Uncle Russell shared a grin with both boys and said, “They’re sensible enough under it all. Lauran has been talking to me, and my guess is he’ll steady to his duties at Ashbrigg by autumn’s end, once these two are off to school again and stop bringing him into ill ways. There are brains in that handsome head of his, no matter what he pretends. Which is more than I’m willing to say about these two oafs of ours,” he added with a dire look at them that no one, including them, took seriously.

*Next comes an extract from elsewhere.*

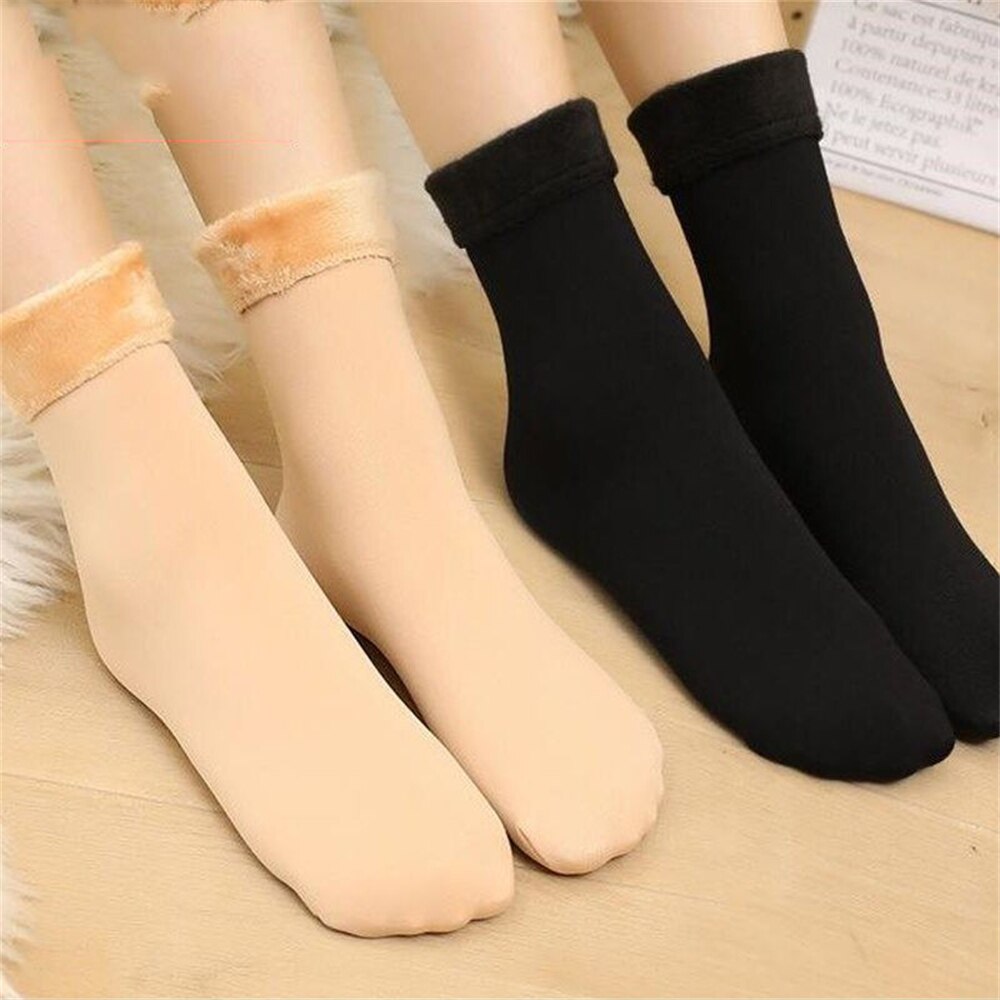 Women's Winter Thicken Warm Thermal Socks for women Solid Black soken Seamless Wool Floor Cashmere Home Snow Boots socks for men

The trouble for Damaris was that when Lauran grew used to her sometimes being with Nevin and Kellan, he was the same toward her as they were, and it was impossible for her to remember he was handsome and think him charming while he and Kellan were trying to put a frog down the back of her dress and she was both avoiding it and throwing stream water at them. As the summer went through July, Lauran became less the handsome youth from the next manor and more like simply another cousin.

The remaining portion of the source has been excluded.